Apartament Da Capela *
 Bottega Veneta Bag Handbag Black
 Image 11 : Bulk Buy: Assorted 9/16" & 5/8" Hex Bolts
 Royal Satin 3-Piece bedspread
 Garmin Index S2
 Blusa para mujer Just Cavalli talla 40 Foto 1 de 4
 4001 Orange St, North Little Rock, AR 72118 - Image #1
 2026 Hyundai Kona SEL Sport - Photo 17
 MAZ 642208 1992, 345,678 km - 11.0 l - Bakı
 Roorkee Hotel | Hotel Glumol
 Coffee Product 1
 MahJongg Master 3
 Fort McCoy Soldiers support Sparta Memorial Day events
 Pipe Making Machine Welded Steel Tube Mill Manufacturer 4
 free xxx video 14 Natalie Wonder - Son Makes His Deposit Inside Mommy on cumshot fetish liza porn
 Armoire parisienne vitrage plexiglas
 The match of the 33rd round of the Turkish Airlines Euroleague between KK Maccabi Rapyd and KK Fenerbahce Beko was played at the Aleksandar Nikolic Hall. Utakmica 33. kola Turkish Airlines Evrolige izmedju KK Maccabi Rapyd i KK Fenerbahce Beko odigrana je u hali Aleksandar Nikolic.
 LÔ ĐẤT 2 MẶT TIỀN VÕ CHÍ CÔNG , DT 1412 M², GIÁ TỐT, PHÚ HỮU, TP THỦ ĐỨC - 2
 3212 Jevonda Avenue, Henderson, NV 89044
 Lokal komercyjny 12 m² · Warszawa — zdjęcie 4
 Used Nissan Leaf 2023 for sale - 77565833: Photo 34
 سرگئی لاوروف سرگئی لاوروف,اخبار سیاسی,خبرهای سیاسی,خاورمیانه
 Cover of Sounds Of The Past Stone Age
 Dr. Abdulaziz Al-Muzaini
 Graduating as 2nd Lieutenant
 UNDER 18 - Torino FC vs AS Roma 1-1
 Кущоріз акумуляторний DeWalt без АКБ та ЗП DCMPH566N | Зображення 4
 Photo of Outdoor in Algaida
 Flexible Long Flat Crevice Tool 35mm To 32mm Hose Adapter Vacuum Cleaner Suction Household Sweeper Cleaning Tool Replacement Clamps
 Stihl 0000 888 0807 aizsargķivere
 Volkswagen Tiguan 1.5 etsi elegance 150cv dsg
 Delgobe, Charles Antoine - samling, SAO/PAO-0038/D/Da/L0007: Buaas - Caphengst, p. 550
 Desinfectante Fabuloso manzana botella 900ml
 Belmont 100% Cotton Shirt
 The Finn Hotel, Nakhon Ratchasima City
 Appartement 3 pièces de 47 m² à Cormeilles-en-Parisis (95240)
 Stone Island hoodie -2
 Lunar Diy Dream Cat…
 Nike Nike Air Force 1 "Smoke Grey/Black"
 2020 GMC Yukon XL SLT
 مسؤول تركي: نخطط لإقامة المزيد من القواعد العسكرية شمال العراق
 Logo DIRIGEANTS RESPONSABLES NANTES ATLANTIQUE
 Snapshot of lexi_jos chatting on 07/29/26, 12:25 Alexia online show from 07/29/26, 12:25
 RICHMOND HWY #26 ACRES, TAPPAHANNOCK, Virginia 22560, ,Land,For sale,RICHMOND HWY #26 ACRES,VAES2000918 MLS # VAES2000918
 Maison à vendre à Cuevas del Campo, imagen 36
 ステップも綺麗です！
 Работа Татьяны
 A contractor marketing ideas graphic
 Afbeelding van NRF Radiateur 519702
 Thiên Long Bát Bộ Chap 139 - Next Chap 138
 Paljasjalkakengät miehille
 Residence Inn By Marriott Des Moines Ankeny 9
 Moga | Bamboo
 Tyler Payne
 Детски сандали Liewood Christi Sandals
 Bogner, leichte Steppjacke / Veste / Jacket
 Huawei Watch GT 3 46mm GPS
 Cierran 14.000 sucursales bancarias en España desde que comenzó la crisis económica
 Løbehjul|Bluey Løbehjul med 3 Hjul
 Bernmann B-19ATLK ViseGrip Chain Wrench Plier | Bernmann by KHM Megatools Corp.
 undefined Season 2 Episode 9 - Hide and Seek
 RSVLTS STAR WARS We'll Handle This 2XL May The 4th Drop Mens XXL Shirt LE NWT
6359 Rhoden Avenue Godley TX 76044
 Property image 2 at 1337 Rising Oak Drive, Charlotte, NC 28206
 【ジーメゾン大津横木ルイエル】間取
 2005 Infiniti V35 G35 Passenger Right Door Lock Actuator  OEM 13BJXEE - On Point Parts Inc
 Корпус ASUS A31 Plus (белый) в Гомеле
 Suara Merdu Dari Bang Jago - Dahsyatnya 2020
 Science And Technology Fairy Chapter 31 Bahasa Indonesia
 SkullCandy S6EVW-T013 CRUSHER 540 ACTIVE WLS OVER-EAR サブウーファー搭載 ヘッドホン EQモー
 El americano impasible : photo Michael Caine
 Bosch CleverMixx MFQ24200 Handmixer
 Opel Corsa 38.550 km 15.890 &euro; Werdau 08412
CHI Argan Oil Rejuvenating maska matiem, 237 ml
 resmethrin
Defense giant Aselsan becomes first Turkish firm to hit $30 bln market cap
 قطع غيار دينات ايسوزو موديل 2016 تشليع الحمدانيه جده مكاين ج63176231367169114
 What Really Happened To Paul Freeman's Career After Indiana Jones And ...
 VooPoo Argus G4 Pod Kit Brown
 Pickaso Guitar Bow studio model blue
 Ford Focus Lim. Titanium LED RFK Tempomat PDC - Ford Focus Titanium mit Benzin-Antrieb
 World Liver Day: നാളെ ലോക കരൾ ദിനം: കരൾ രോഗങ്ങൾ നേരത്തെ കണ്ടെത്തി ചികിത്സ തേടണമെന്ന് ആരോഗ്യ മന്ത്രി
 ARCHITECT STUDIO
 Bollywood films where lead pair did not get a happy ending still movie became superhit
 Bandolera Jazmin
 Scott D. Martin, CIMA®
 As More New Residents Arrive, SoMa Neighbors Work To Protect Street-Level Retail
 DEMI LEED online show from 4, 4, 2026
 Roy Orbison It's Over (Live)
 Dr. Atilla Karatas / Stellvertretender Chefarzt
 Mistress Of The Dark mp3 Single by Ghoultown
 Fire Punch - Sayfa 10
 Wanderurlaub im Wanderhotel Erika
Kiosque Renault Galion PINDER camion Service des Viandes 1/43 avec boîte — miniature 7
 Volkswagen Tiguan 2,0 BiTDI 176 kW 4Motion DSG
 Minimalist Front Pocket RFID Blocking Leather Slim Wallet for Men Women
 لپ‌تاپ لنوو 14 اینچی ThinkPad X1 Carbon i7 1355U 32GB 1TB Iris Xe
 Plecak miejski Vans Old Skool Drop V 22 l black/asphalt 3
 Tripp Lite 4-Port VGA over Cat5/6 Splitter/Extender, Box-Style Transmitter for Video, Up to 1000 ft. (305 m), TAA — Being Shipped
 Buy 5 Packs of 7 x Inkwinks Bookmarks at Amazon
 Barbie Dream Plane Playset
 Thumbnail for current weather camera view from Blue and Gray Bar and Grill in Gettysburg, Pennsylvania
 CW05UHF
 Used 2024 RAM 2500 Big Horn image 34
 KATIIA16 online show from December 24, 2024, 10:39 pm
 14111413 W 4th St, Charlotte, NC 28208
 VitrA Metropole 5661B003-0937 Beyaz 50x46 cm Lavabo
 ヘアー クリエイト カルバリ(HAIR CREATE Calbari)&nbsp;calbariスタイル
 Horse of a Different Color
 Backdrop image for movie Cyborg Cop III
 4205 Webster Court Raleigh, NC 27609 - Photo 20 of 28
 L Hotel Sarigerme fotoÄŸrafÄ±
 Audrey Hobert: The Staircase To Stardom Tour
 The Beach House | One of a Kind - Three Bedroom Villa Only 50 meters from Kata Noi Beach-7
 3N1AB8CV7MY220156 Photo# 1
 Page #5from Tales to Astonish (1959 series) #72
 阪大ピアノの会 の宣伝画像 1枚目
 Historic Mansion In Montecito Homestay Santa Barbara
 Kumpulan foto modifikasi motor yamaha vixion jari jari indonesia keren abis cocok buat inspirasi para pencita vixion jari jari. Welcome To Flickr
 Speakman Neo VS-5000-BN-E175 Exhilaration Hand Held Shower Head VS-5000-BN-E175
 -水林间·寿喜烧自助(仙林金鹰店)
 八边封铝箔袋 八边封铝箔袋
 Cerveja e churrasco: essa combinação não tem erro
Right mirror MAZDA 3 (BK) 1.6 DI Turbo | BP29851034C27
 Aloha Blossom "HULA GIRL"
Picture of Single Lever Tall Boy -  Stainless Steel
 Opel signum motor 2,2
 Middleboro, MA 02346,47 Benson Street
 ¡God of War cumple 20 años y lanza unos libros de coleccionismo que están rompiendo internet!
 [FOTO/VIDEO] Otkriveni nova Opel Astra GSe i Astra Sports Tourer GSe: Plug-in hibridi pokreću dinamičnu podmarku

Aim of the exercise: Copy the stretch of the records above that runs from the line with "Løbehjul|Bluey Løbehjul med 3 Hjul" through the line with "قطع غيار دينات". Both end lines belong in the copy, and nothing else does.

Output below:
 Løbehjul|Bluey Løbehjul med 3 Hjul
 Bernmann B-19ATLK ViseGrip Chain Wrench Plier | Bernmann by KHM Megatools Corp.
 undefined Season 2 Episode 9 - Hide and Seek
 RSVLTS STAR WARS We'll Handle This 2XL May The 4th Drop Mens XXL Shirt LE NWT
6359 Rhoden Avenue Godley TX 76044
 Property image 2 at 1337 Rising Oak Drive, Charlotte, NC 28206
 【ジーメゾン大津横木ルイエル】間取
 2005 Infiniti V35 G35 Passenger Right Door Lock Actuator  OEM 13BJXEE - On Point Parts Inc
 Корпус ASUS A31 Plus (белый) в Гомеле
 Suara Merdu Dari Bang Jago - Dahsyatnya 2020
 Science And Technology Fairy Chapter 31 Bahasa Indonesia
 SkullCandy S6EVW-T013 CRUSHER 540 ACTIVE WLS OVER-EAR サブウーファー搭載 ヘッドホン EQモー
 El americano impasible : photo Michael Caine
 Bosch CleverMixx MFQ24200 Handmixer
 Opel Corsa 38.550 km 15.890 &euro; Werdau 08412
CHI Argan Oil Rejuvenating maska matiem, 237 ml
 resmethrin
Defense giant Aselsan becomes first Turkish firm to hit $30 bln market cap
 قطع غيار دينات ايسوزو موديل 2016 تشليع الحمدانيه جده مكاين ج63176231367169114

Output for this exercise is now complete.